_YOUR ASSIGNMENT:_ In the copy, include exactly the lines from the one with "Con tàu băng" through the end of the data and no others, both ends kept, with every picture left out.

_SOURCE DATA:_
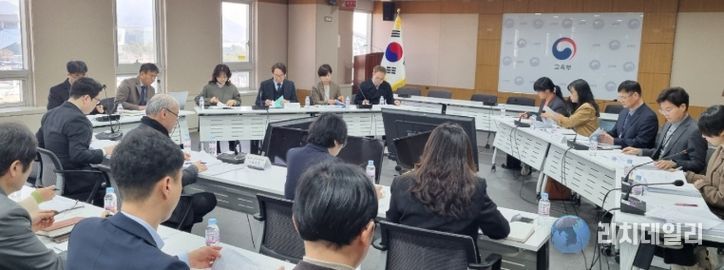 광주시교육청은 13일 교육부 대회의실에서 열린 ‘교육행정체제통합 협력 회의’에 참석해 교육부 교육행정체제통합지원단, 전남도교육청 관계자와 교육행정 통합 관련 협의를 진행했다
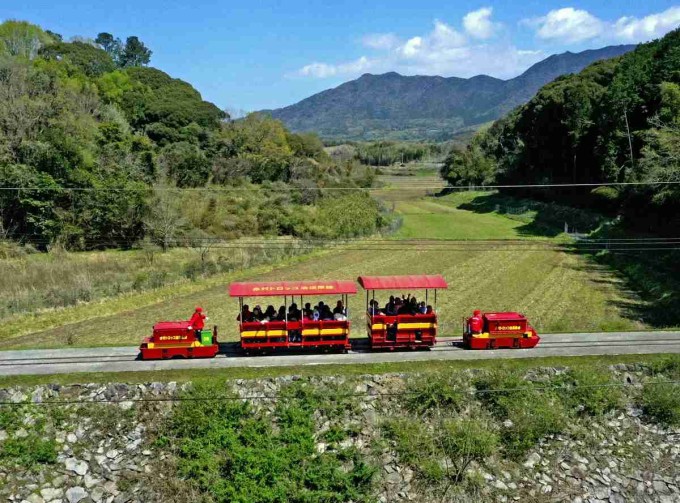 Con tàu băng qua những cảnh đẹp thiên nhiên vùng Fukuoka. Ảnh: The Yomiuri Shimbun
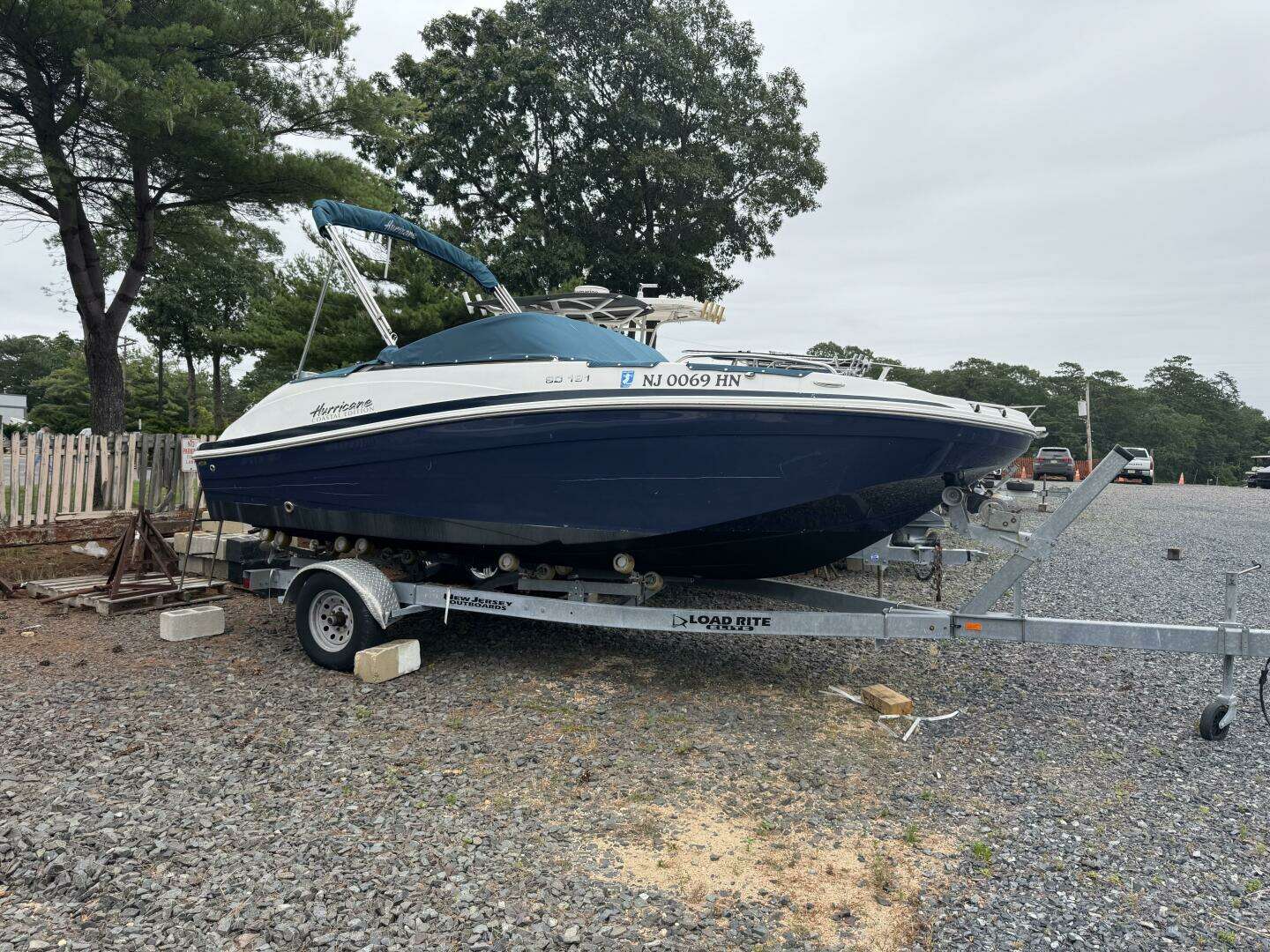 2019 Hurricane SunDeck 191 OB - Image 2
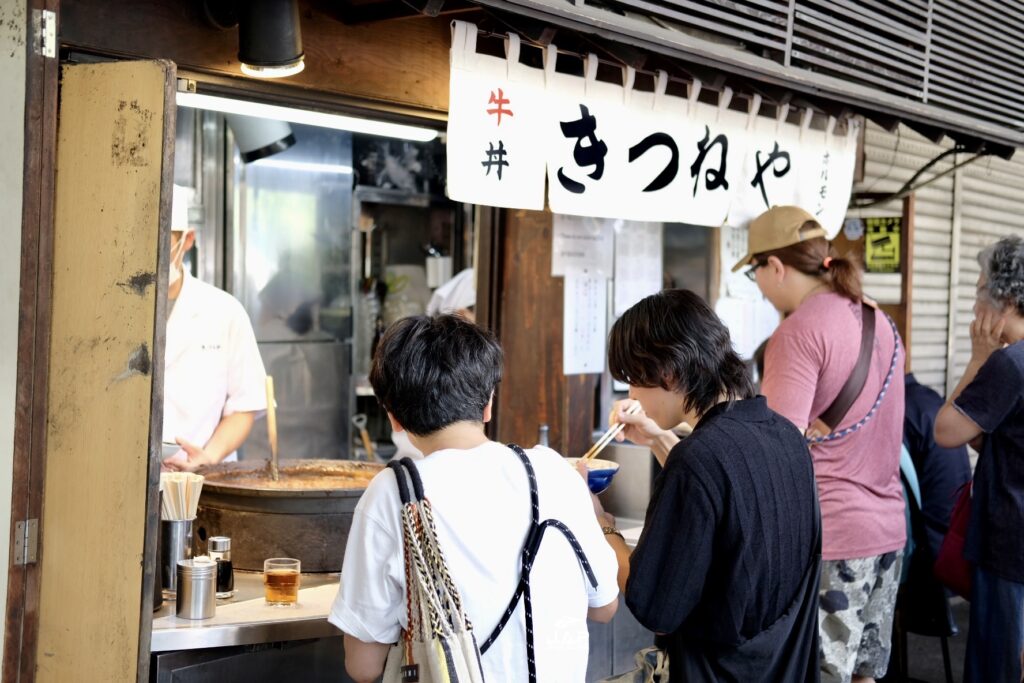 Tsukiji Fish Market2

_THE COMPLETED TASK:_
 Con tàu băng qua những cảnh đẹp thiên nhiên vùng Fukuoka. Ảnh: The Yomiuri Shimbun
 2019 Hurricane SunDeck 191 OB - Image 2
 Tsukiji Fish Market2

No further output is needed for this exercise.